In [5]:
import torch
import nltk
from torch.utils.data import Dataset, DataLoader
from sklearn.model_selection import train_test_split
from sklearn.preprocessing import LabelEncoder
from transformers import BertTokenizer, BertForSequenceClassification, AdamW
from sklearn.metrics import accuracy_score
import numpy as np

# Download the names dataset from NLTK
nltk.download('names')

# Get the male and female names from the NLTK dataset
male_names = [name.lower() for name in nltk.corpus.names.words('male.txt')]
female_names = [name.lower() for name in nltk.corpus.names.words('female.txt')]

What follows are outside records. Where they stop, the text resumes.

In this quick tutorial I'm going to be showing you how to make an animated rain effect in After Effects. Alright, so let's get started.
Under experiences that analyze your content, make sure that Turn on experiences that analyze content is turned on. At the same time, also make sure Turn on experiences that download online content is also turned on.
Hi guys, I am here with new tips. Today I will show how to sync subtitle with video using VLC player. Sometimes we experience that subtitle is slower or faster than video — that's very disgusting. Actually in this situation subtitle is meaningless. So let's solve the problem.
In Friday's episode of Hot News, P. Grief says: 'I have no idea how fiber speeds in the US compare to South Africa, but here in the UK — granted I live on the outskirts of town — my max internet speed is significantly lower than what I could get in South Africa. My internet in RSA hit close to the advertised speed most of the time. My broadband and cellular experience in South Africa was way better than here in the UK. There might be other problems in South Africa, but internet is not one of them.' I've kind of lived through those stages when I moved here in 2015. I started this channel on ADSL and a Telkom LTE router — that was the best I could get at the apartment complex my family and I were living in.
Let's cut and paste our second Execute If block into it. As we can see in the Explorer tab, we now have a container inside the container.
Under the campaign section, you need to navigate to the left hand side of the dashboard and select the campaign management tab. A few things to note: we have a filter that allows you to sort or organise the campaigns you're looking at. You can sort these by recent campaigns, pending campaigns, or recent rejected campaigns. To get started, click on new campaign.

# Create the list of all names and corresponding labels
all_names = male_names + female_names
all_labels = [0] * len(male_names) + [1] * len(female_names)

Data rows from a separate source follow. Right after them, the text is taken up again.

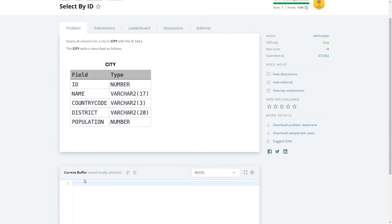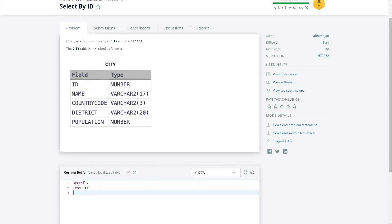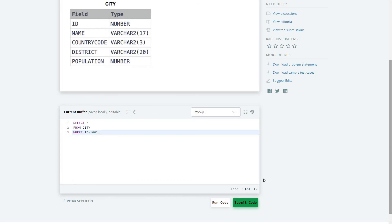We'll select all columns, so it will be SELECT * FROM city WHERE ID is equal to 1661. Since ID is a numeric value, we are not putting it inside a string. Let's submit the code.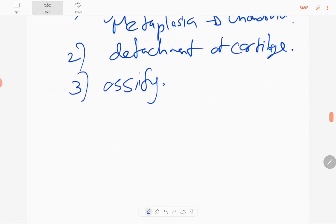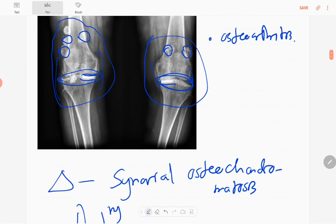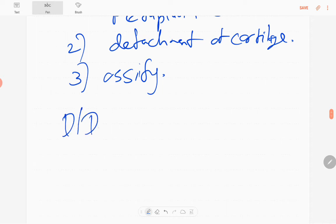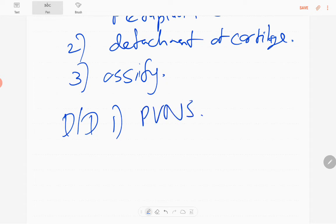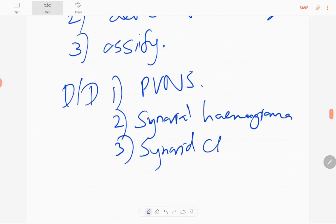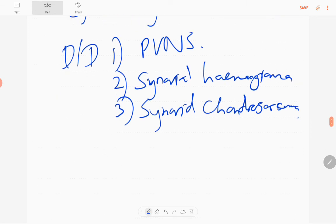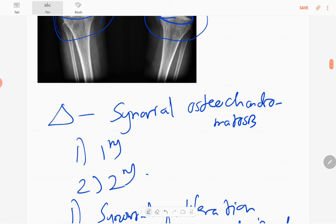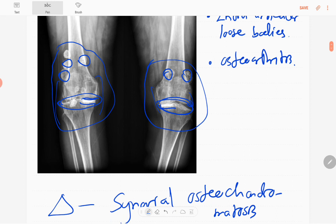This is the unique appearance of synovial osteochondromatosis. For differential diagnosis: if there are no calcifications or ossifications in the loose bodies, one differential is pigmented villonodular synovitis (PVNS). Other differentials include synovial osteochondromatosis and synovial chondrosarcoma. Those are the key differential diagnoses.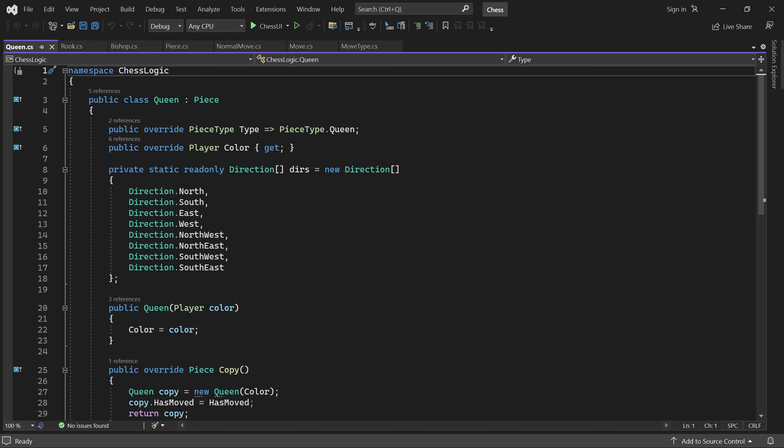Welcome back. In this part we will generate moves for the remaining three pieces: the pawn, the knight, and the king.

# Encode labels into numerical format
label_encoder = LabelEncoder()
encoded_labels = label_encoder.fit_transform(all_labels)

# Split into training and test sets (80% train, 20% test)
train_names, test_names, train_labels, test_labels = train_test_split(
    all_names, encoded_labels, test_size=0.2, random_state=42
)

# Initialize the tokenizer from BERT
bert_tokenizer = BertTokenizer.from_pretrained('bert-base-uncased')

# Define a custom PyTorch dataset for the names
class NameClassificationDataset(Dataset):
    def __init__(self, names, labels, tokenizer):
        self.names = names
        self.labels = labels
        self.tokenizer = tokenizer

    def __len__(self):
        return len(self.names)

    def __getitem__(self, idx):
        name = self.names[idx]
        label = self.labels[idx]

        tokenized_data = self.tokenizer(
            name,
            padding='max_length',
            max_length=10,
            truncation=True,
            return_tensors='pt'
        )

        return {
            'input_ids': tokenized_data['input_ids'].squeeze(0),
            'attention_mask': tokenized_data['attention_mask'].squeeze(0),
            'label': torch.tensor(label, dtype=torch.long)
        }


train_data_loader = DataLoader(NameClassificationDataset(train_names, train_labels, bert_tokenizer), batch_size=32, shuffle=True)
test_data_loader = DataLoader(NameClassificationDataset(test_names, test_labels, bert_tokenizer), batch_size=32, shuffle=False)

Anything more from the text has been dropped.